4) Transplant preparation (rest up for 2 days)
Finally, there are 2 days of rest to give the body time to recover after all the treatment and to ensure they successfully wiped everything out, before the new stem cells are grafted.
5) Transplant (2 hours)
The transplant itself is actually the simplest part, and consists of hooking me up to an IV drip with a bag of blood stem cells. It takes about 2 hours to infuse the stem cells. This is called “day 0” in my new life :) The stem cells are smart enough to know how to travel through the bloodstream and find their way back into the bone marrow, so that they can start making new stem cells and blood cells. Pretty amazing stuff.
6) Post-transplant (3 weeks in-hospital)
There will be 3 weeks or more hospitalized stay after the transplant. Essentially I’ll be isolated in a special transplant ward where I’m on a different ventilator system and guests are required to wear masks and gloves, etc. No one with runny noses, sore throats, kids are allowed.

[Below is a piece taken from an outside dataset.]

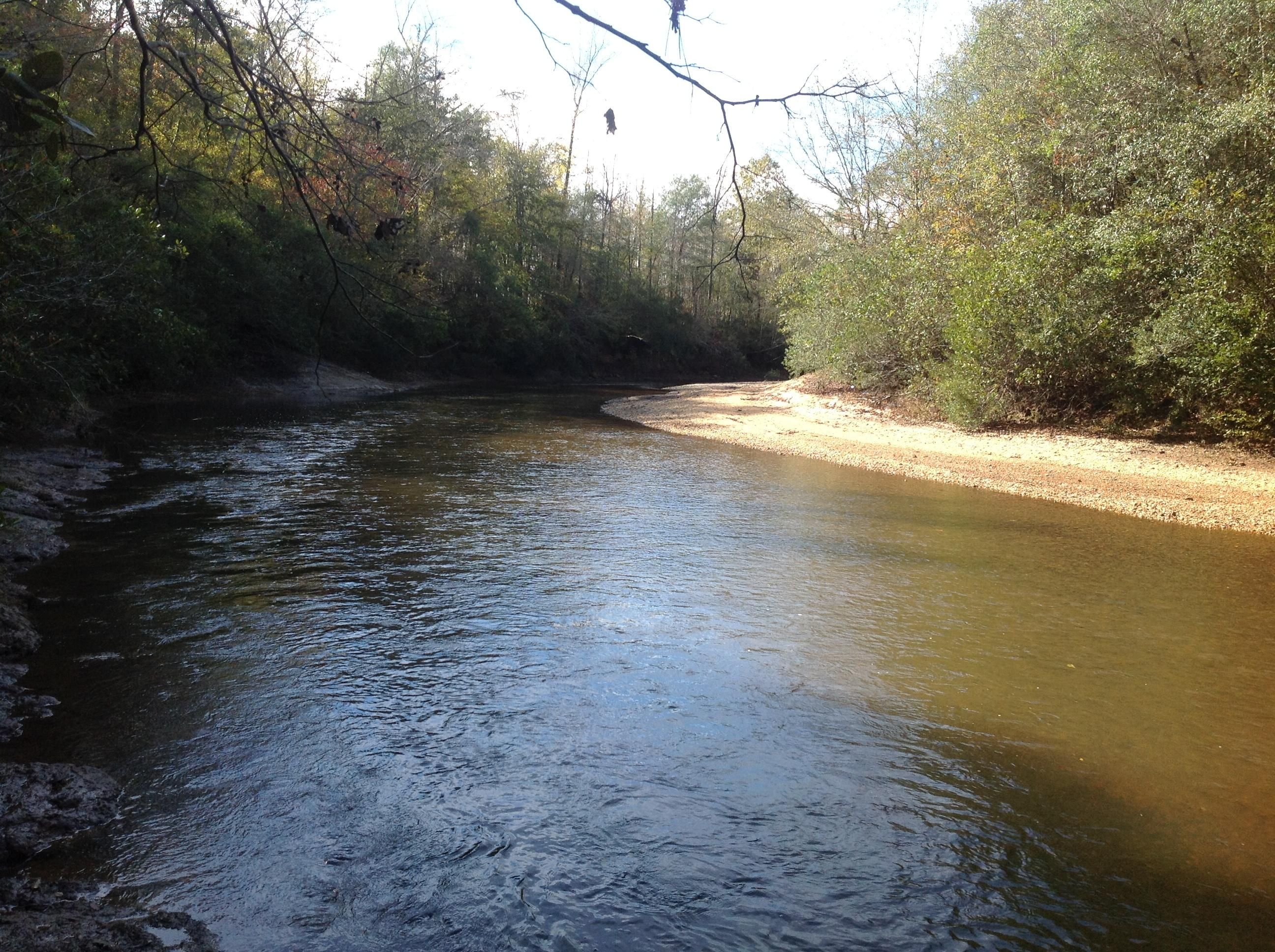 60 acres in Chilton County, Alabama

Apparently an alarm goes off if the door to the room is open for longer than 30 seconds. During this time I’ll be getting blood draws continuously and will be getting regular transfusions since it takes a while for the new stem cells to start producing adequate amount of blood cells on their own. They expect transplant patients receive about 120 units of blood during their stay. For comparison I received 4 units during my last transfusion.

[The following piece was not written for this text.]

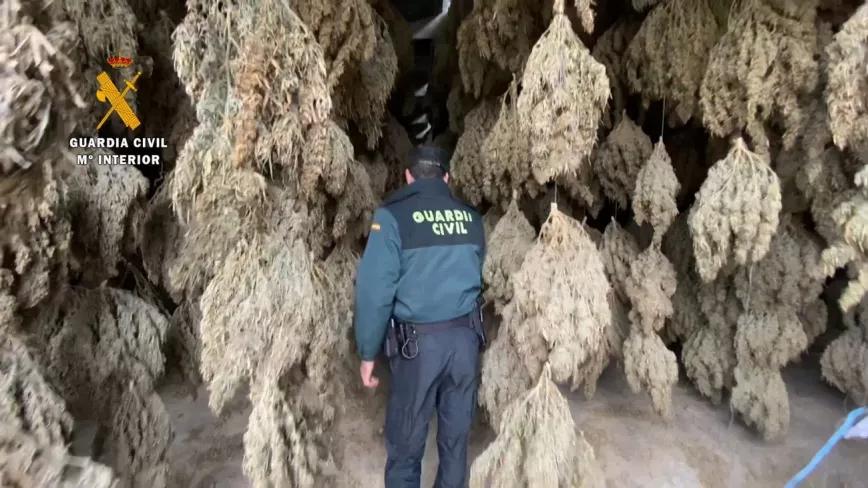 Era CBD pero la policía se llevó 8 toneladas e intervino la empresa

7) Post-transplant (1-2 months at home)
After the 3 or so weeks in the hospital, I can return home but will be returning to the hospital for about 2 hrs/day for blood work every day to administer more transfusions if needed. There is a whole list of rules I’m subject to during this period, like bleaching all countertops and surfaces, being on a specific diet, no restaurants or grocery stores, etc.
8) Transplant complete!
They warn me that it can take a year after the transplant itself to make a full recovery, but given my age I’m sure I can be back to normal sooner than that.